**Data segment**

▬▬▬▬▬▬

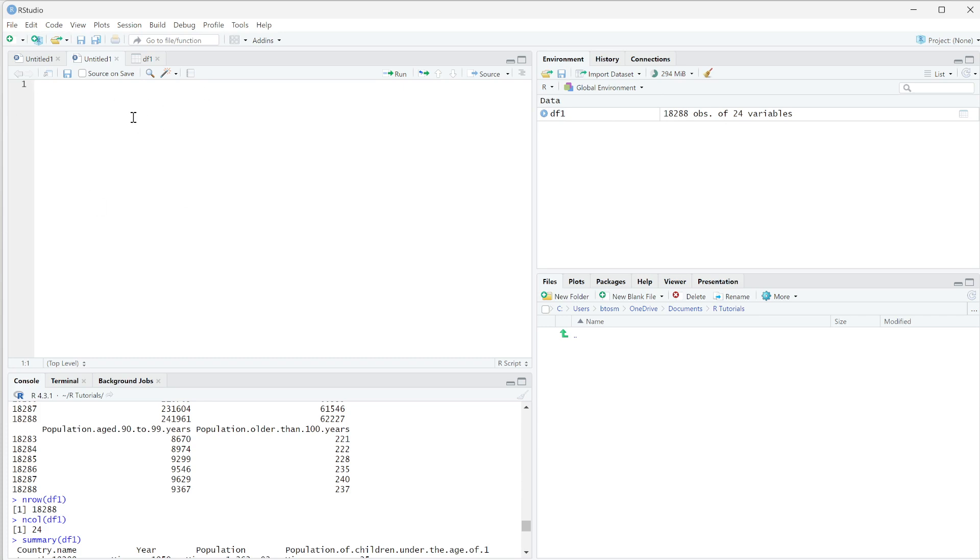Versus when you run it in here, your code is still an actual file. You can save it and come back to it, you can access it again as you need.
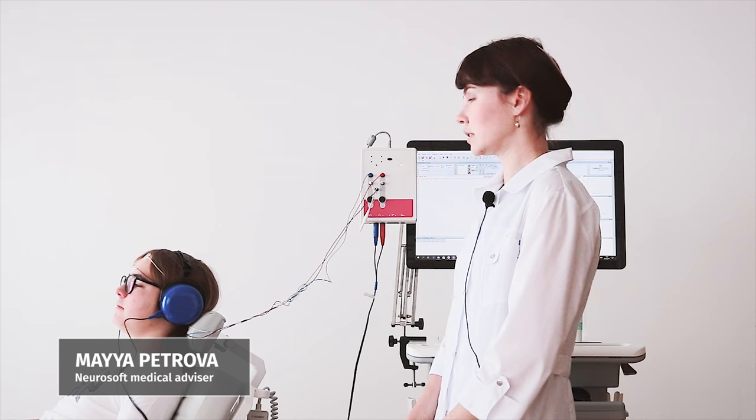As you can see, we just performed the auditory brainstem responses test.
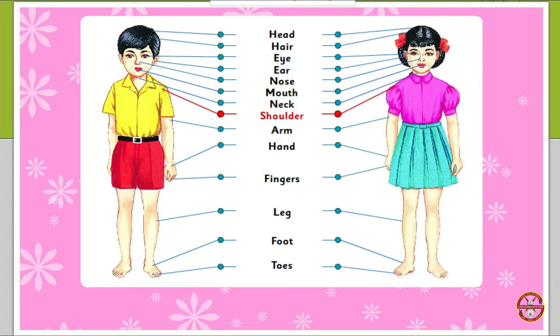Shoulder, arm, hand, fingers, leg, foot, toes.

▬▬▬▬▬▬

**Problem to work on**
Repeat the lines of the listing above verbatim, beginning at its first line and ending at the line containing "As you can see, we", which is included. Omit pictures.

**Final answer**
Versus when you run it in here, your code is still an actual file. You can save it and come back to it, you can access it again as you need.
As you can see, we just performed the auditory brainstem responses test.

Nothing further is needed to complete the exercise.